Geralmente eu peço pra que você não me deixe só. Mas não hoje, não agora. Eu preciso estar sozinho. Quero sentir isso sozinho. Não quero dividir nada com ninguém. Deixo que meu coração dispare e minha visão escureça. Preciso disso. Quero que o ódio me entre pelas narinas, se espalhe pelo meu corpo. Quero que meu sangue ferva. Eu, como ser humano que se preze, preciso sentir essa raiva. Não quero compartilhá-la com ninguém. Esse ódio que me faz arder é só meu. Meu ódio, minha ira. Eu cerro os punhos, eu quebro coisas. Eu chuto o que eu puder chutar. Quero ver sangrar. Quero ver queimar. Eu tomo mais uma dose. Uma bem forte. De ira. Dessa vez eu cerro os dentes. Grito como um animal. Um animal em ataque, fora de si. Em fúria. Sou eu esse animal. O eu que eu guardei numa caixa. E tranquei num canto qualquer da minha alma. Alguém o libertou. E ele está tomado de raiva. Repleto, até a boca. A boca que diz o que não diria. As mãos que tremem. Eu vivo, eu odeio. E como odeio. Por algum tempo, odeio tudo e todos. Até eu. Eu sou a ira. Eu sinto a ira. O ódio faz parte de mim. Eu respiro fundo. Meu peito se acalma. Não sei por quanto tempo. Isso tudo ainda faz parte de mim, ainda sou eu. Mas esse eu adormeceu.

sábado, 7 de agosto de 2010

Exorcismo (Cercas brancas e flores na varanda)

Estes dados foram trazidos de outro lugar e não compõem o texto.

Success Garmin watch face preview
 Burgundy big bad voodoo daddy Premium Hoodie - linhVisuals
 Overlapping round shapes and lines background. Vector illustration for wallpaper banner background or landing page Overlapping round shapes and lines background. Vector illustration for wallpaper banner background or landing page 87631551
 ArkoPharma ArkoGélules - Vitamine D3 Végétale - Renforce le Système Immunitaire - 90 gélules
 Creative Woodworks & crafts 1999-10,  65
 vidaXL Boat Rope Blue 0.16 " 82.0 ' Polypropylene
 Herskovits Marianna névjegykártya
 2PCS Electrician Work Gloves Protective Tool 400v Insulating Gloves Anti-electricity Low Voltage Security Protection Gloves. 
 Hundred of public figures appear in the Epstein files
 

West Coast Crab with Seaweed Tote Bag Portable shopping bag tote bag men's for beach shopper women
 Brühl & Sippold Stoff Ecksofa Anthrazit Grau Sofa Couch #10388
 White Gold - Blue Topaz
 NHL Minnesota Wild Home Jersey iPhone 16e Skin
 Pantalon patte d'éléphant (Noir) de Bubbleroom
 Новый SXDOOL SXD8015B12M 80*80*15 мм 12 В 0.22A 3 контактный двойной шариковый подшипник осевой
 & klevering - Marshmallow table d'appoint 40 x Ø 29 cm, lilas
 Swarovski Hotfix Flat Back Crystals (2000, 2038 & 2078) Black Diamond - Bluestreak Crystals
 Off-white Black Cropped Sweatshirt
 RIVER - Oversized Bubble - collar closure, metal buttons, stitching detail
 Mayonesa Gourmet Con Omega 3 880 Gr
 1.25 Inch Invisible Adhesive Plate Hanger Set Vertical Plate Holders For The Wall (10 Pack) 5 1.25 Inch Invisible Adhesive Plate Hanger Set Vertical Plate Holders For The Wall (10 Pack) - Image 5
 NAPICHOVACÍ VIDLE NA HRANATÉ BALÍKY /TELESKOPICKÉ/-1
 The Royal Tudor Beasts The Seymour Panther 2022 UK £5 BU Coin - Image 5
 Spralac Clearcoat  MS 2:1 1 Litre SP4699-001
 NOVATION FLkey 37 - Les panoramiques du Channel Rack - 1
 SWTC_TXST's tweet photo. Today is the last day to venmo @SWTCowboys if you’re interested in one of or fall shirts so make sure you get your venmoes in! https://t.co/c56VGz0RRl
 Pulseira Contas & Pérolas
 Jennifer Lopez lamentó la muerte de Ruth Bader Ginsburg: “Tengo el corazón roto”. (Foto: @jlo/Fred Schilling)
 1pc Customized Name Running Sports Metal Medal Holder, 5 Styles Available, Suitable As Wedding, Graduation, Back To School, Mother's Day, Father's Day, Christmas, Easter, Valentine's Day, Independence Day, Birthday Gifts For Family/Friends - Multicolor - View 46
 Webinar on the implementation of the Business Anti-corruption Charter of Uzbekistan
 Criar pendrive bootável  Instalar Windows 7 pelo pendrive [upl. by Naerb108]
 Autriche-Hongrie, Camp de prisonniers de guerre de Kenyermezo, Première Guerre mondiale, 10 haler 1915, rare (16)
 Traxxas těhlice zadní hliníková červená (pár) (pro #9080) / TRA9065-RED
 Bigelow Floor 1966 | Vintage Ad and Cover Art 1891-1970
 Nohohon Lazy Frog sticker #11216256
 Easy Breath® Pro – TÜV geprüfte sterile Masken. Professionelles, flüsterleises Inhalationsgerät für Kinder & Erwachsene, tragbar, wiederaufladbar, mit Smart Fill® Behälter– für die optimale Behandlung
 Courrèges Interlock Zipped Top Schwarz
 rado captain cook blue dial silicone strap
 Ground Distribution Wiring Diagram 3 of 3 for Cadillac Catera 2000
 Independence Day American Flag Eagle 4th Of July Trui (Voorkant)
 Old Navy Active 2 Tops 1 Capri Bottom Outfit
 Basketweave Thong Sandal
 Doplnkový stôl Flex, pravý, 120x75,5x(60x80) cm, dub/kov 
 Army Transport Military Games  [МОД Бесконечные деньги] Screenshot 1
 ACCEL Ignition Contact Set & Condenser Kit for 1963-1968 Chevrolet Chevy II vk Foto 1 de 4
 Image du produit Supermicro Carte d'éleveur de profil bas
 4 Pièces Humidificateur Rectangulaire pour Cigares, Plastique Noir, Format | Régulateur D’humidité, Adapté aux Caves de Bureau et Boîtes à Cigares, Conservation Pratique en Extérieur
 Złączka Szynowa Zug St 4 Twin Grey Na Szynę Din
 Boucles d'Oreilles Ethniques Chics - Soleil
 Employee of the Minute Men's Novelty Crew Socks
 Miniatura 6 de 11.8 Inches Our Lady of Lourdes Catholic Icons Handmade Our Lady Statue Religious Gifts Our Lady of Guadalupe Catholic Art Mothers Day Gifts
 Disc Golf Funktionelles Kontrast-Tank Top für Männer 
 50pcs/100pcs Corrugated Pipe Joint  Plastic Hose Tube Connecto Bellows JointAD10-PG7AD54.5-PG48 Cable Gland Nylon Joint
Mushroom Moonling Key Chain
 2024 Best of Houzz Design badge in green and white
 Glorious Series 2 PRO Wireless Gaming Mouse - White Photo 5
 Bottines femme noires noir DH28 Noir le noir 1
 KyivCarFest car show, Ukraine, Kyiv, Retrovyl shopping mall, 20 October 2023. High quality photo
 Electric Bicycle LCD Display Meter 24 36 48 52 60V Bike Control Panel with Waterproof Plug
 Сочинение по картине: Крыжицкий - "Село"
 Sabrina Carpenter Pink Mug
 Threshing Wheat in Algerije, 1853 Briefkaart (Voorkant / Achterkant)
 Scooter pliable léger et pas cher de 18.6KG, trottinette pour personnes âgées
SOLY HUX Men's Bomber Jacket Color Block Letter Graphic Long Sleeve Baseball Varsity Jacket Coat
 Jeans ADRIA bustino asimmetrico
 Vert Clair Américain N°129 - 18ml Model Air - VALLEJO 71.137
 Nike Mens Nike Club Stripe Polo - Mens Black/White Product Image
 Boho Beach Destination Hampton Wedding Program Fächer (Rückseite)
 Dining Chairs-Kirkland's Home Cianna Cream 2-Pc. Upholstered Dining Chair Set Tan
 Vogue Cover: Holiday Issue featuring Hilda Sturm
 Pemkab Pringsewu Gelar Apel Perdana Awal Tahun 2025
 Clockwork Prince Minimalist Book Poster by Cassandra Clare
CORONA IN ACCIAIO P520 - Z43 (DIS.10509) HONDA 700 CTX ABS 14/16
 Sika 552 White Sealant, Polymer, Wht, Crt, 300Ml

E daí que eu tenha sentido alguma coisa, qualquer coisa por você? Você não me deu a importância que eu mereço, que eu te dei. Eu devo mesmo ser muito idiota por ainda acreditar no amor. Acreditar que ainda vai acontecer comigo. Dane-se! O fato é que o que eu penso ou sinto nunca é levado em consideração. A menos, claro, quando for você no papel de vítima. Que você adora fazer. E faz muito bem, diga-se de passagem. Dane-se de novo! Espero mesmo que vocês casem. Que sejam bem felizes, os dois. Que tenham filhos lindos e saudáveis. Um labrador. Uma macieira no jardim. Uma casa linda, com cercas brancas e flores na varanda. Espero que saibam aproveitar tudo isso. O que eu quero pra mim, eu nem sei mais. Não sei se saio à procura desse tal de amor verdadeiro ou se o espero aqui mesmo, sentado. Não sei nem se esse tipo de coisa existe mesmo. Tenho ouvido falar e só. Li em poesias, vi na letra de algumas músicas, mas nunca o encontrei. Esse tal de amor deve se esconder muito bem. Pelo menos de mim. Mas, dane-se mais uma vez! Dane-se você, ele, todos! Eu quero só ser aquele ser sem coração que eu costumava ser quando era feliz. E o amor...o amor que arranje outro idiota pra iludir.